Continua la crescita dell’occupazione in Italia, con 84 mila occupati in più ad aprile rispetto a marzo 2024. Lo comunica Istat, presentando i dati parziali della rilevazione continua delle forze di lavoro.
Il numero degli occupati è ormai prossimo ai 24 milioni (23 milioni 975 mila per essere esatti). Si tratta di una crescita di 516 mila unità rispetto ad aprile 2023. Nell’anno concluso ad aprile sono cresciuti di 444 mila unità i dipendenti permanenti e diminuiti di 82 mila i dipendenti a termine. In ripresa anche gli autonomi con 154 mila unità di occupati in più.
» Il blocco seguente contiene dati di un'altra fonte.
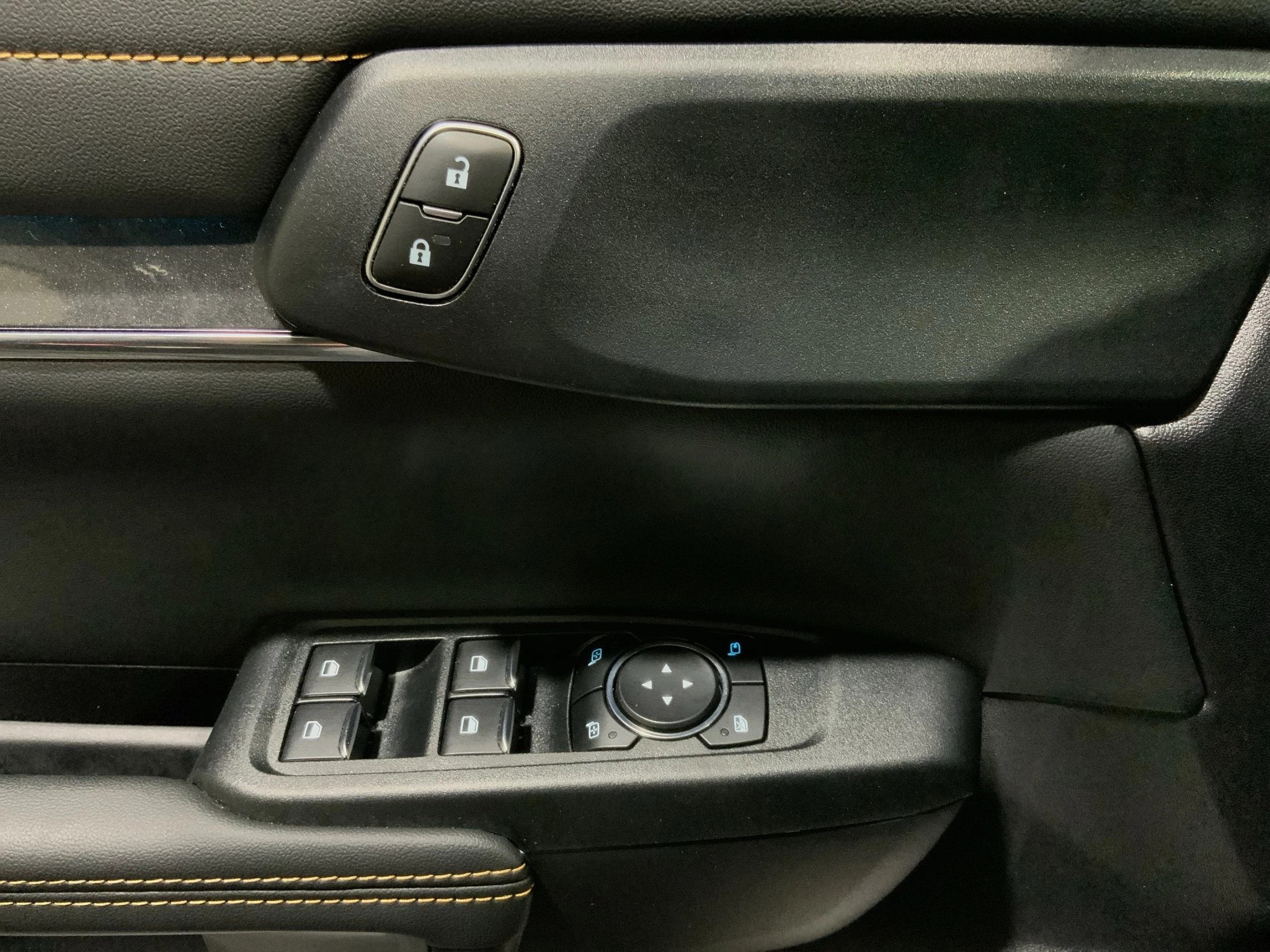 Ford Ranger Wildtrak 2.3 EB PHEV DoKa e-4WD | ACC | 360Grad | B&O *Lieferung ab 15.08.2026*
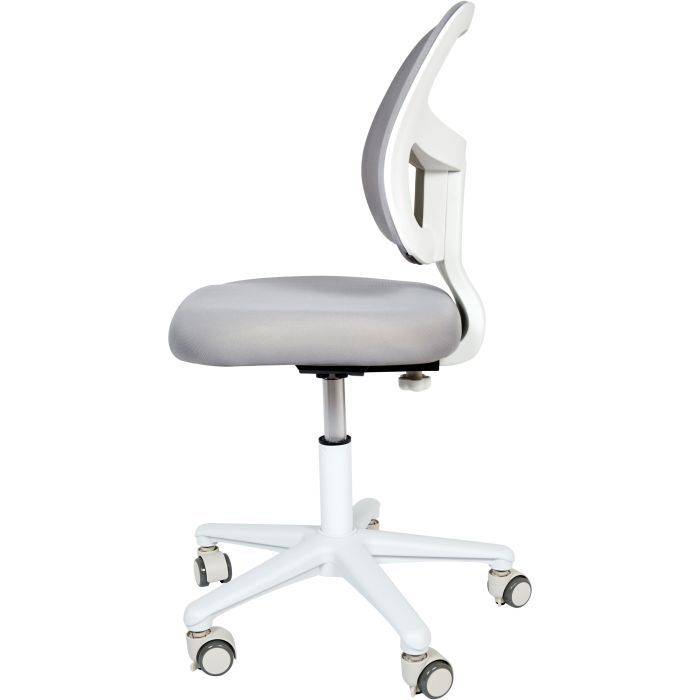 Дитяче крісло Cubby Marte Blue зображення 4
Dando uno sguardo sommario ai dodici mesi, la tendenza è ancora quella di consolidare la base occupazionale stabilizzando i contratti, mentre per l’aumento del lavoro autonomo agiscono diverse tendenze: la crescita occupazionale dei senior in questa fascia e la simultanea ricerca di flessibilità dei giovani autonomi e di alcune imprese a cui forniscono servizi.
Su base mensile, il tasso di occupazione è salito al 62,3%, (nuovo record), la disoccupazione scende al 6,9%. Il tasso di inattività resta costante al 33,0%; i dati sulla mobilità fra gruppi (in particolare tra inoccupati e occupati) ci diranno se la stabilità del dato significa che abbiamo toccato un limite assoluto nella disponibilità al lavoro o se un incremento dei salari superiore alla crescita del costo della vita può ridurre ulteriormente la quota di inattivi.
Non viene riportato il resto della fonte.